The Braves ended a seven-game losing skid at Dodger Stadium with Wednesday night’s victory.  Now they will spend these next four days at AT&T Park, a place where they have won just once in their past six tries.

Tonight’s pitching matchup (Shelby Miller vs. Chris Heston) seems to favor the Braves.  Heston has produced some impressive outings this season, but there might not be anybody currently pitching better than Miller, who has produced a 0.87 ERA and limited opponents to a .144 batting average in four starts this month.

Miller has allowed two earned runs or less in each of this season’s first nine starts and he has produced a Major League-best (minimum 12 starts) 1.74 ERA.  Dodgers right-hander Zack Greinke (1.93) and Astros southpaw Dallas Keuchel (1.99) are the only other pitchers to produce a sub-2.00 ERA during this span.

This marks the first time Miller has pitched in San Francisco since lasting just 3 2/3 innings against the Giants in Game 4 of last year’s National League Championship Series.  He has allowed just two earned runs in the 12 innings he has completed in two career regular season starts (both in 2013) against the Giants.

Speaking of Greinke, the Braves can be happy that they claimed at least one victory during a three-game series against the Dodgers that included matchups against Greinke and Clayton Kershaw.  But they squandered the opportunity to win Monday’s series opener, a game they led until Luis Avilan walked two of the first four batters he faced and surrendered Adrian Gonzalez’ game-tying groundout.

Nick Masset prevented any further damage in the seventh inning, but then surrendered a career-high three homers in the eighth inning.  Masset likely would not have returned to pitch the eighth if the Braves had been working with a full bullpen. As the ugly inning progressed, we knew that closer Jason Grilli wasn’t available because he had pitched each of the previous three days.

But we had to wait another day to know that Ian Thomas wasn’t available to face either of the two lefties that went deep against Masset because he was part of the multi-player trade that the Braves and Dodgers already had in place.  You know, the trade that died until a $100,000 trade stipend proved to be enough for Alberto Callaspo, to quickly alter his claim that he “wanted to stay with the Braves for the rest of the season.”

Some of you have questioned why Gonzalez opted to go with Masset instead of Brandon Cunniff, who has limited opponents to a .044 batting average (2-for-45) this year. While Cunniff has been impressive in this department, he has produced a strike percentage of 56.1 (124 of 221 pitches).  According to Inside Edge, this ranks 159th out of 160 qualified MLB relievers.

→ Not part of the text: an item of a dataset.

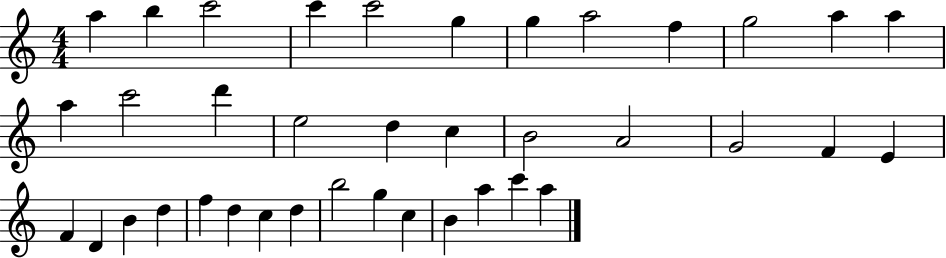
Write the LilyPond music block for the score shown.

This seems to be a case where a rookie pitcher has to earn the trust of his manager before being consistently placed in high-leverage situations.  But while Cunniff has routinely walked a fine line, he also has limited opponents to a .182 on-base percentage in the five appearances he has made since being recalled from Triple-A Gwinnett earlier this month.

So given the other options in the bullpen, maybe it’s time for the Braves to get a better feel for what they truly have in Cunniff.

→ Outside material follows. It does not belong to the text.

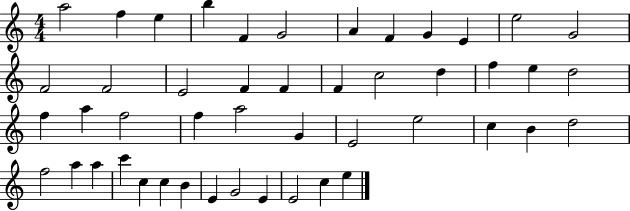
A5/h F5/q E5/q B5/q F4/q G4/h A4/q F4/q G4/q E4/q E5/h G4/h F4/h F4/h E4/h F4/q F4/q F4/q C5/h D5/q F5/q E5/q D5/h F5/q A5/q F5/h F5/q A5/h G4/q E4/h E5/h C5/q B4/q D5/h F5/h A5/q A5/q C6/q C5/q C5/q B4/q E4/q G4/h E4/q E4/h C5/q E5/q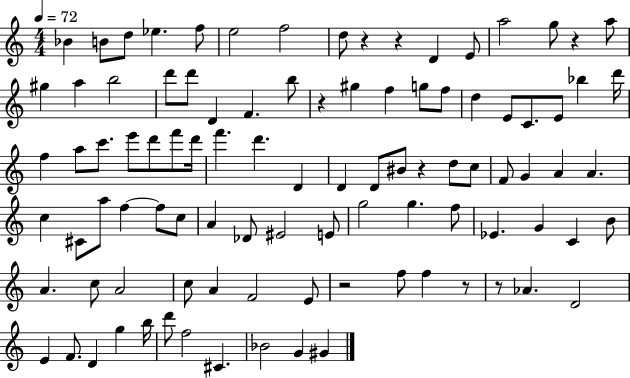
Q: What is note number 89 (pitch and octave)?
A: G#4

Veteran setup man Jim Johnson has certainly been Atlanta’s most valuable reliever this year.  Johnson created some concern when he allowed runs in four consecutive appearances (April 17-24).  But in the 14 appearances (13.2 innings) that have followed, he has allowed one run, surrendered eight hits, notched 13 strikeouts and issued just one walk.

Meanwhile Jason Grilli has allowed at least one run in five of his past 10 appearances and allowed opponents to produce a .431 on-base percentage during that same span.  Grilli has blown just one of his 14 save opportunities this season.  But if his struggles continue, the Braves have to start seriously thinking about having him switch roles with Johnson.